Per questo, dopo alcuni anno nei quali l'ho ignorato (colpevolmente?), mi sono riavvicinato e ho comprato questa sua ultima produzione. Rimanendone colpito.
Formazione ai minimi termini con PH alla voce, tastiere e chitarra e due vecchi amici come Stuart Gordon al violino e David Jackson al sax e flauto. Una suite, si diceva, divisa in 14 parti. Il line up ristretto non faccia pensare a digressioni minimaliste, il disco gode infatti di un impatto sonoro pieno e vigoroso con tutti gli elementi tipici della poetica di Hammill, supportati da una ritrovata carica creativa e inventiva.
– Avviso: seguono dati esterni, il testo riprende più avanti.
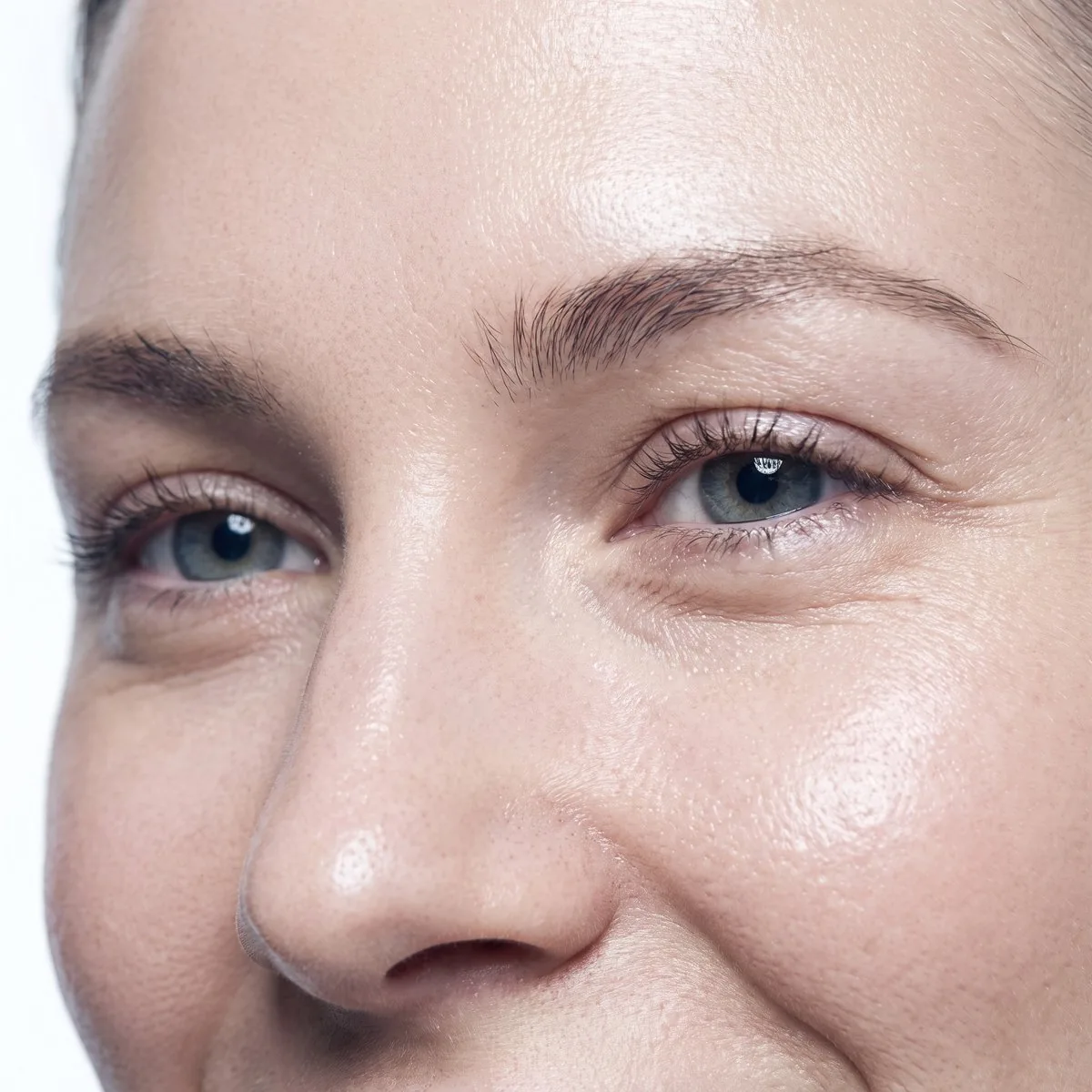 Close-up of a brightened eye area after a HydraFacial at BHRC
Tipico l'alternarsi di stasi liriche, supportate dal pianoforte, di malinconica inquietudine, piene di dolcezza e di mal di vivere, alternate a sfuriate rabbiose e nevrotiche; tipica la vocalità di Hammill, epicentro come sempre dell'intero lavoro, tra spigolose esplosioni tenorili e soffusioni colme di tristezza. Preziosissimo, poi l'apporto di sax, flauto e violino nel dilatare uno spazio musicale altrimenti un po’ angusto. Non mancano alcune parti discutibili in cui la musica stenta a decollare, ma non intaccano un disco luccicante, di indubbia ricchezza espressiva e musicale, che unisce l'urgenza e la secchezza di certa new wave esistenziale, la ricercatezza del progressive e l'intensità di un Tim Buckley.
Non un capolavoro, ma un piccolo gioiello di sensibilità emozionale in tempi di grande aridità. Il più bel disco di Peter Hammill dai tempi di "Enter K" del 1982. Un autore ritrovato. Ma forse eravamo noi a esserci persi.